Main cast: Sean Patrick Flanery (Sheriff Kevin Reddle), Marisa Coughlan (Dina), Brendan Fletcher (Deputy Strauss), Alex Ferris (Mikey Reddle), and Ted Raimi (Father Tulli)
Director: Tobe Hooper
Tobe Hooper directed one of the worst episodes in the first season of Masters of Horror, so I guess it makes sense in a bizarre kind of way for him to be the episode-opener of the second season. Hey, maybe it helps to keep everyone’s expectations low, and the rest of the season will seem so much better in comparison? Who knows, but Tobe Hooper doesn’t seem to be getting his mojo back in this episode. This episode shares the same name as Ambrose Bierce’s 1893 short story, but aside from the nature of the monster and the way it kills its victims, everything else is brand new.
In 1981, Kevin Reddle saw his parents die. It was his father’s birthday, and he and his mother were preparing their surprise cake for that man when he shows up with his gun and blasts Kevin’s mother off while muttering about how “that damned thing” has found him. Kevin ran out of the house, while his father fired blindly at him as the man gave chase, only to see that man yanked off his feet and disemboweled by an… invisible thing. I have to admit, this scene is pretty suspenseful until the crazy daddy’s torso tear open and his guts spill out, and then the whole episode becomes unintentionally hilarious due to how fake the guts look.
Cut to present day, twenty four years later.
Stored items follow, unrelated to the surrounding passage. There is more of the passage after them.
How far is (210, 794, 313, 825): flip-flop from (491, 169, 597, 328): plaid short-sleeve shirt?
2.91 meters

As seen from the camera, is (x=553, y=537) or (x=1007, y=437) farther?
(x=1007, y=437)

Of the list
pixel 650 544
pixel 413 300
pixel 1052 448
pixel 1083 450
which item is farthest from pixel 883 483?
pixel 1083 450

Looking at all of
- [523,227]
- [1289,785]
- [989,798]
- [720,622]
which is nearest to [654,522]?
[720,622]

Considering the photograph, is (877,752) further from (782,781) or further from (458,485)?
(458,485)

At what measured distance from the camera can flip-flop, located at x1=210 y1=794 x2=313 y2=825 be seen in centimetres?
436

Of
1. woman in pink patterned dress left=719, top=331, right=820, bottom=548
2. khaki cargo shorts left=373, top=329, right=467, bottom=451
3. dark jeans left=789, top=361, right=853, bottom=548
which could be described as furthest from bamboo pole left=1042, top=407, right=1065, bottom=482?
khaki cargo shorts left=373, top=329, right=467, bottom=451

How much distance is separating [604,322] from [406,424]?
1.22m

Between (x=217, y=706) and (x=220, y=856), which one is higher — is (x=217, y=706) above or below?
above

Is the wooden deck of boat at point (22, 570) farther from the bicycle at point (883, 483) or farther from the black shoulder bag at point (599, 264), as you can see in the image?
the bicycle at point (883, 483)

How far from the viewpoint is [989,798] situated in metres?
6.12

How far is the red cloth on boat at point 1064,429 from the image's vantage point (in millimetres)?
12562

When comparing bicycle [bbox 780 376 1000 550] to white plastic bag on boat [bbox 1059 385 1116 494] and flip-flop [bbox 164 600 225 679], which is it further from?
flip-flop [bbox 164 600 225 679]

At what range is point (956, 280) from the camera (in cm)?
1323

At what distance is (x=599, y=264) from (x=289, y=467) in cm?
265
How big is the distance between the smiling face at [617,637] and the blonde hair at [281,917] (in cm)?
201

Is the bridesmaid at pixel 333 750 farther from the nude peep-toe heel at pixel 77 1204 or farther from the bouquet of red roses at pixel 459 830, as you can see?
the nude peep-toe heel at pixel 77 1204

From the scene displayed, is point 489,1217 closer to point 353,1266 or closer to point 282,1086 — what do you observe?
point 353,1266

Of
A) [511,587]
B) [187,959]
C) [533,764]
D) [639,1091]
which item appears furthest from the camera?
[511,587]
Kevin, for reasons only characters in horror stories will understand, not only lives in the same neighborhood, Clover County, but also in that same house too. Additionally, he has stopped seeing his psychiatrist. He is the town sheriff, because you always want that paranoid guy who lives in house rigged with surveillance cameras to be able to legally carry and use a gun. His wife Dina has moved out three months ago to a trailer, taking their son Mikey with her, although they are still a close-knit family in every other way – she just cannot bear the strain of living with Kevin in that house anymore.
The thing is, his birthday is approaching. We soon learn that, in addition to his father, his grandfather also went berserk and homicidal during the man’s birthday – clearly, birthdays are not a good time for the Reddle men. Our protagonist doesn’t want to celebrate his birthday at all, but it looks like he’s not escaping the sad fate of the men before him when the entire neighborhood is swept up in this homicidal rage as his birthday approaches. Even his wife is not spared. People begin to either try to kill other people or inflict grievous, often fatal self-harm. What will happen to Kevin and his family now?
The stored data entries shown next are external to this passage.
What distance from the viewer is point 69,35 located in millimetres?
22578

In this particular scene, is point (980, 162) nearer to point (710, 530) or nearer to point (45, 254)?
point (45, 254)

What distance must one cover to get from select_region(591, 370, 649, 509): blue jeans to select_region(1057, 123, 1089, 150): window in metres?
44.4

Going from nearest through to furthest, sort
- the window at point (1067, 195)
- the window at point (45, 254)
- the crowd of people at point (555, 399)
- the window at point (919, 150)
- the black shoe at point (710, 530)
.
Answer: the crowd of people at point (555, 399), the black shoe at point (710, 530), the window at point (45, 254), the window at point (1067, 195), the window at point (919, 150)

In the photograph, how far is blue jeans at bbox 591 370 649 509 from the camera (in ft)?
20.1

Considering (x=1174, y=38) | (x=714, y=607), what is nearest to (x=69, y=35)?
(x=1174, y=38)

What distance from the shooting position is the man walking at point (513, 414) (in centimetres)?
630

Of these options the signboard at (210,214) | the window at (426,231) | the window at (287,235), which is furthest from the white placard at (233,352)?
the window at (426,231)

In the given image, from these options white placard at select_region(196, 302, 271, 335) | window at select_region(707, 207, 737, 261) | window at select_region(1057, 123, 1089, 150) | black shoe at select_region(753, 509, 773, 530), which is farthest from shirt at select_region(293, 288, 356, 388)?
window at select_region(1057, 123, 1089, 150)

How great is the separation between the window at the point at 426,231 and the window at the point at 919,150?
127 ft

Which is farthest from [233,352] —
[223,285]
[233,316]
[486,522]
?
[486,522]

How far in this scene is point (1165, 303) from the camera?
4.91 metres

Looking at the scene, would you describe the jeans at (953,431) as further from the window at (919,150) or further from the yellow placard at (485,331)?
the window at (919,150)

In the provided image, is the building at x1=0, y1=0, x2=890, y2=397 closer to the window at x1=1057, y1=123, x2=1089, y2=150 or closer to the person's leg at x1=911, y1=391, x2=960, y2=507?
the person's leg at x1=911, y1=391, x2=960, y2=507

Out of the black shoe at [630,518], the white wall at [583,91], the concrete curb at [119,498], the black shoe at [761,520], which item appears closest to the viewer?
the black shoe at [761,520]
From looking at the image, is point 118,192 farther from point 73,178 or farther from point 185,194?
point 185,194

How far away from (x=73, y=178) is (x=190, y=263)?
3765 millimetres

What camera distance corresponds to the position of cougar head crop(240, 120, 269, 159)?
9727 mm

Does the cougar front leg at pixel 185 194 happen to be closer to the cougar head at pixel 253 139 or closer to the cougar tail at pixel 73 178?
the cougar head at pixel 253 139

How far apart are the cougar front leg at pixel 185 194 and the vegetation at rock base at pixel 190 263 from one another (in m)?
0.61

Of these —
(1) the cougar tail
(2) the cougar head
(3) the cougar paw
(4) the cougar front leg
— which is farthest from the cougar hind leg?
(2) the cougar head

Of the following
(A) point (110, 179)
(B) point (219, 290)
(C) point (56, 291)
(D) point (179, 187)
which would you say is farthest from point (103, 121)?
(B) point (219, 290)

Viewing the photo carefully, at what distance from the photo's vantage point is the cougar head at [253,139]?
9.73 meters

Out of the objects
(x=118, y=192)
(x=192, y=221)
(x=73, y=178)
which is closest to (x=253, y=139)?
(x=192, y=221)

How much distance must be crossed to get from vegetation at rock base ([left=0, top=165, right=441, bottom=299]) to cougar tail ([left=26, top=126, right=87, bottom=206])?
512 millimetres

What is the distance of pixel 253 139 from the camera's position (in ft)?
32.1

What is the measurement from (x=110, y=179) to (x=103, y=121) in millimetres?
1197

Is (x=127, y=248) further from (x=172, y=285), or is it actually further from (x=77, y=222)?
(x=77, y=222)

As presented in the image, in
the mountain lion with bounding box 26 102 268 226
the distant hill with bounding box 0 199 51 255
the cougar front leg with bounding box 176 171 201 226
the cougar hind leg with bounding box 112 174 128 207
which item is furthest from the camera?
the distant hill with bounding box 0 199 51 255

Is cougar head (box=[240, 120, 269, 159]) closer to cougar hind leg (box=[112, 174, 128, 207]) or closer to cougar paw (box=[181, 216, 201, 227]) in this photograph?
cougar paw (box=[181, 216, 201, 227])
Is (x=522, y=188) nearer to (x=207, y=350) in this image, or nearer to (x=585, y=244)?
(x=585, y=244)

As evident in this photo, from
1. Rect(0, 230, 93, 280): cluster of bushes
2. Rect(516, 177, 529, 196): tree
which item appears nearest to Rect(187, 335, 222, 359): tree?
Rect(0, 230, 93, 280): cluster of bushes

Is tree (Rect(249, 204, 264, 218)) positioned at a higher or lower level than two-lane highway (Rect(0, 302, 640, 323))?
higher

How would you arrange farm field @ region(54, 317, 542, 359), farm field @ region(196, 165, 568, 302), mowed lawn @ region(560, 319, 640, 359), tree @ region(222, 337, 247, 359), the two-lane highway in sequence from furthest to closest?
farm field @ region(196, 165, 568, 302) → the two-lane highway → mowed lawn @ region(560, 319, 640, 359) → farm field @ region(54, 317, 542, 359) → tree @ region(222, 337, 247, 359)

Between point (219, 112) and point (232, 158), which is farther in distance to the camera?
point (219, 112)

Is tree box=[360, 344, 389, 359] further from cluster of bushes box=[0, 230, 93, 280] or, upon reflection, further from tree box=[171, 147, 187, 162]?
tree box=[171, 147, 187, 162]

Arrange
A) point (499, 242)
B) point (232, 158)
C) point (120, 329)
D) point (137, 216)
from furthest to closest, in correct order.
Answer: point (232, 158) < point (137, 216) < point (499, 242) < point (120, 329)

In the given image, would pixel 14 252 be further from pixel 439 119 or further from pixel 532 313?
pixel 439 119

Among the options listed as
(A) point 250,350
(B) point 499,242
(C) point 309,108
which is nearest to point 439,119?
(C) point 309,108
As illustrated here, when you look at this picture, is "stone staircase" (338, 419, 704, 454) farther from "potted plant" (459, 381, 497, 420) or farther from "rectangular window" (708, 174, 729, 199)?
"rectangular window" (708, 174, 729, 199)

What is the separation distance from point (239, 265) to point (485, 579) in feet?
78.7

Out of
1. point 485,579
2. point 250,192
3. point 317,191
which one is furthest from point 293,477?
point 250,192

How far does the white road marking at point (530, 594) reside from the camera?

Some superficial similarities to the old horror flick The Crazies can be made here, but The Damned Thing is one incoherent, messy episode that makes no sense half the time. One moment the story says one thing, and then contradicts it with another thing shortly after. And it makes little sense why at first it seems like only the Reddle men is targeted, only to then later have everyone in town being affected by some mad rage, only to go back to the Reddle men being targeted again. Or maybe it does but the direction and editing of the episode are both so choppy and opaque that nothing coherent comes true as a result.
And why have that monster going after Dina and Kevin too? If the monster settles for the Reddle men, the episode may have been more interesting, as an argument can be made that the monster, by attacking only when men are on the verge of killing their loved ones, may actually be the good guy, and the bad guy may be, I don’t know, the evil inside our heart or something perhaps. Anything would be better than this choppy waste of time with some hilariously awful CGIs. The cast members try, and Sean Patrick Flanery makes a pretty good, heart-tugging effort here as the haunted protagonist, but they are just wasting their time here.
At any rate, That Damned Thing is… well, the damned thing indeed.